Efectivamente, este diploma pretendeu fazer face à situação de excepcionalidade provocada pelos constrangimentos técnicos que afectaram o acesso e a utilização do sistema informático que serve de suporte à actividade dos tribunais (CITIUS), aplicando-se aos actos processuais praticados ou a praticar desde 26 de Agosto de 2014.
No entanto, nos tribunais superiores não estava em aplicação este sistema.
Na verdade, e conforme resulta do nº 1 do artigo 144º do CPC, na versão conferida pela Lei 41/2013, de 26 de Junho, e que é aplicável ao caso por força do seu artigo 5º, nº 1, os actos processuais que devam ser praticados por escrito pelas partes são apresentados a Juízo, por transmissão electrónica de dados, nos termos definidos na Portaria prevista no n.º 1 do artigo 132.º, valendo como data da prática do acto processual a da respectiva expedição.

 Por seu turno, resulta deste normativo que a tramitação dos processos é efectuada electronicamente nos termos a definir por portaria do membro do Governo responsável pela área da justiça.

               Trata-se da Portaria nº 280/2013 de 26 de Agosto, que foi publicada em virtude da entrada em vigor do novo CPC, aprovado pela mencionada Lei 41/2013, ter implicado a revisão duma série de matérias, entre elas se situando a da tramitação electrónica de processos.

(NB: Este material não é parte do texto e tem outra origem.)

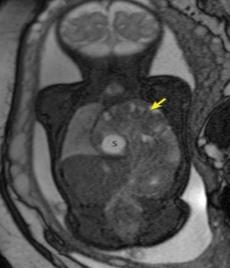TANI MRI MRI İçerik tanımlamak için mükemmel Karaciğer varlığını kesin teşhis eder Yüksek sinyal T1WI, düşük sinyal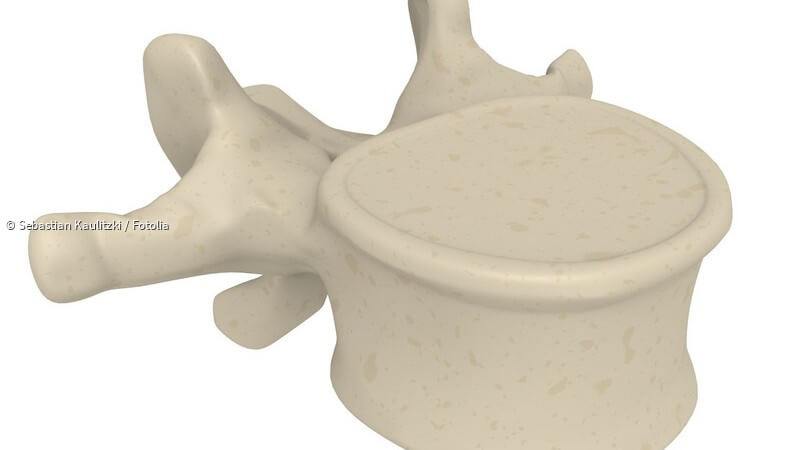 ᐅ Rachitis Ursachen, Symptome und Behandlung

O legislador alerta logo no seu preâmbulo que as alterações não são significativas face ao regime anterior, tendo-se seguido as linhas de orientação que vinham da Portaria nº 1538/2008, de 30.12, e que havia alterado e mandado republicar a Portaria nº 114/2008, de 06.02, a primeira a regular a apresentação de peças processuais e documentos por transmissão electrónica.

               Com a implementação deste regime visava-se a desmaterialização, eliminação e simplificação dos actos e processos na justiça, pretendendo-se que as partes e seus mandatários pudessem praticar actos judiciais e relacionar-se com o tribunal por meios electrónicos.

               No entanto, este sistema apenas vigora para a 1ª instância, conforme resultava claramente da mencionada Portaria nº 1538/2008, de 30.12, onde se afirmava que, a partir do dia 5 de Janeiro de 2009 passará a existir um efectivo fluxo electrónico nos tribunais judiciais de 1.ª instância para os processos cíveis, de família e laborais.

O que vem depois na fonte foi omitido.